Weyl founded the German Mathematicians’ Relief Fund with Emmy Noether in 1934. Noether had also fled left Germany in 1933 with the help of Veblen. She worked at Bryn Mawr college and regularly gave guest lectures at the Institute for Advanced Study. Weyl and Noether’s relative proximity in the United States and common German heritage paved the path for a new friendship that ultimately led to collaboration that helped fellow scholars like them. The small funds made them rely on additional monetary sources from external foundations. Weyl actively sought to help the refugees to the best of his ability.

Neumann accepted a position at the Institute for Advanced Study 1933. Once settled in the United States, the government recruited him to work on military defense projects for the war effort. [6] His work included research on shock and detonation waves, and problems of supersonic and turbulent flows of fluid. [7] He also contributed to the Manhattan Project.
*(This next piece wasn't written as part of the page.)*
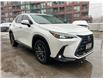 2025 Lexus NX 250 Base (Stk: M14909A) in Toronto - Image 9 of 24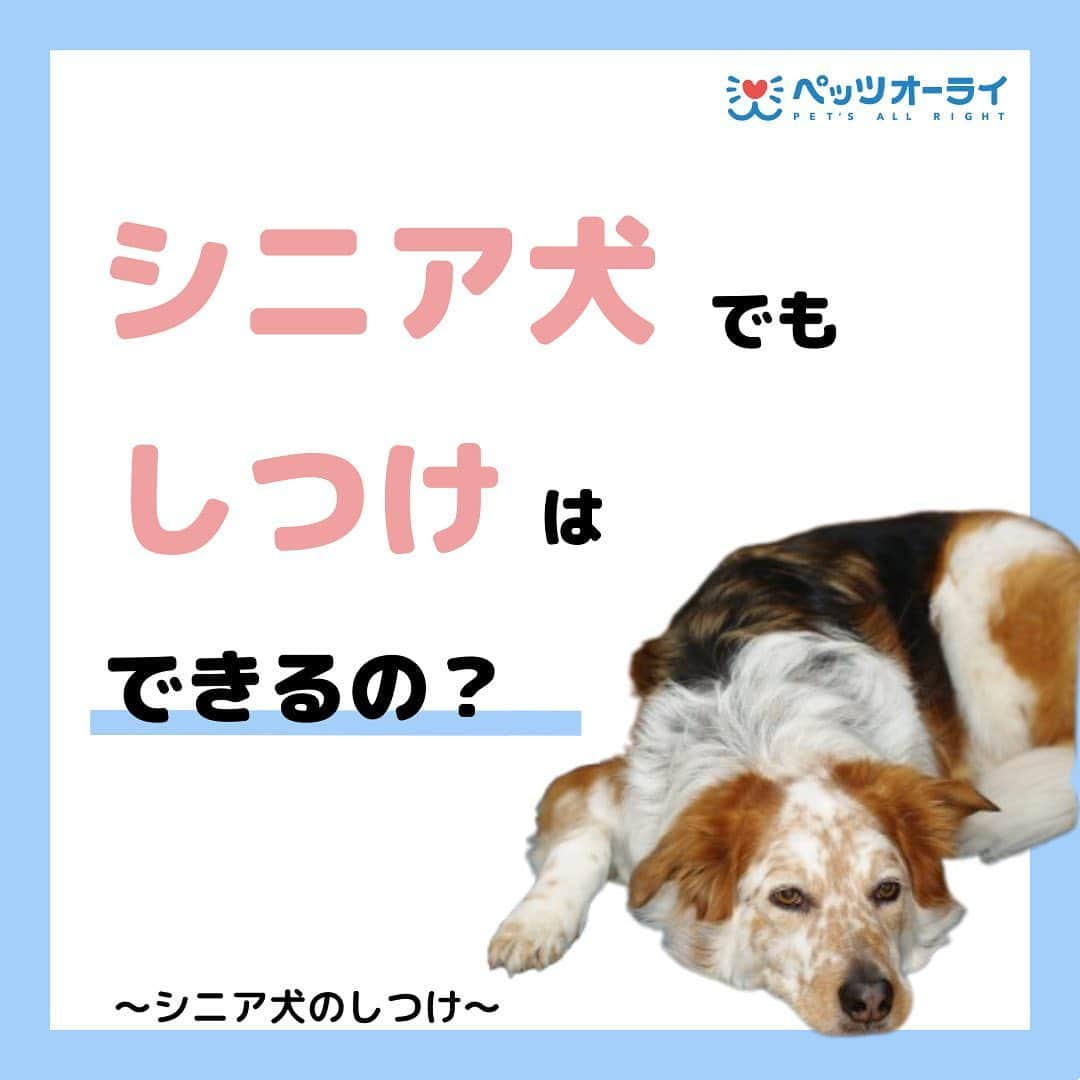 PET'S ALL RIGHT 【公式】のインスタグラム：「@pets_all_right👈他の投稿はこちらから！  ＜シニア犬でもしつけはできる？＞  シニア犬でもしつけは可能です。 ですが、長期間習慣化してきたことを変えるには 根気が必要になってきます。老いると体力も落ちてくるため、 愛犬に無理はさせず、 ゆっくりと様子を見ながら行ってあげましょう。  ---  💎自己紹介  ⭐️ペットとの生活における豆知識 ⭐️私、僕たちのわんちゃんねこちゃん ⭐️獣医師、トレーナーによるアドバイス  などをご紹介しています  「この情報役に立つ！」 「私・僕たちのわんちゃんねこちゃんを紹介してほしい！」  と思ったそこのあなた！！  いいね・コメント・保存・フォローお待ちしております🔥  他にもいろいろ役立つ情報やかわいいわんちゃんねこちゃんを ご紹介しているので、プロフィールからチェックしてみてね！！  @pets_all_right  姉妹アカウントWan!Passでは ワンちゃんとのお出かけ・旅行情報を発信中🚗³₃ @wanpass2022  ---  #ペッツオーライ #pet #pets #dog #犬 #いぬ #いぬすたぐらむ #ふわもこ部 #愛犬 #わんこ #犬のいる暮らし #犬のいる生活 #いぬのきもち #犬好きな人と繋がりたい #inustagram #ペット #いぬバカ部 #いぬら部 #わんこなしでは生きていけません会 #わんこ部 #わんこ大好き #犬部 #犬好き部 #いぬだいすき #いぬがいる暮らし #わんちゃん好きな人と繋がりたい #わんちゃんのいる暮らし #わんちゃん好きと繋がりたい #犬スタグラム #いぬぐみ」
His war service efforts earned him the Presidential Medal for Merit and the Distinguished Civilian Service in 1947. 

Besides military projects, von Neumann made advances in other fields of mathematics. One of his most significant contributions involved the creation of the computer. He “formulated a theory of coding and programming for machines ... and [used] the computer for solving complex problems in mathematics and physics.” [6] Subsequently, in 1946, von Neumann and others helped build the IAS computer. “The Electronic Computer Project of the Institute for Advanced Study was undoubtedly the single most influential undertaking in the history of the computer during that period.” [7] His innovation not only succeeded in being ahead of its time, but it also left a remarkable significance for future work in computer engineering. His logic “served as the basis for subsequent stored-program computers [and]... he laid down the basic schema of the modern computer.” [8] The project created cutting-edge innovations that propelled the IAS to one of the leading institutions in computer and mathematics research. 

Chancellor of New York University, Harry Woodburn Chase, assigned Courant to oversee the establishment of the new graduate program in mathematics. Courant’s vision for the new institution emphasized “a combination of advanced level training and research, fellowships for fulltime study for selected advanced students, and reduced undergraduate teaching loads for faculty.” [12] With significant effort, the new institution opened in 1935.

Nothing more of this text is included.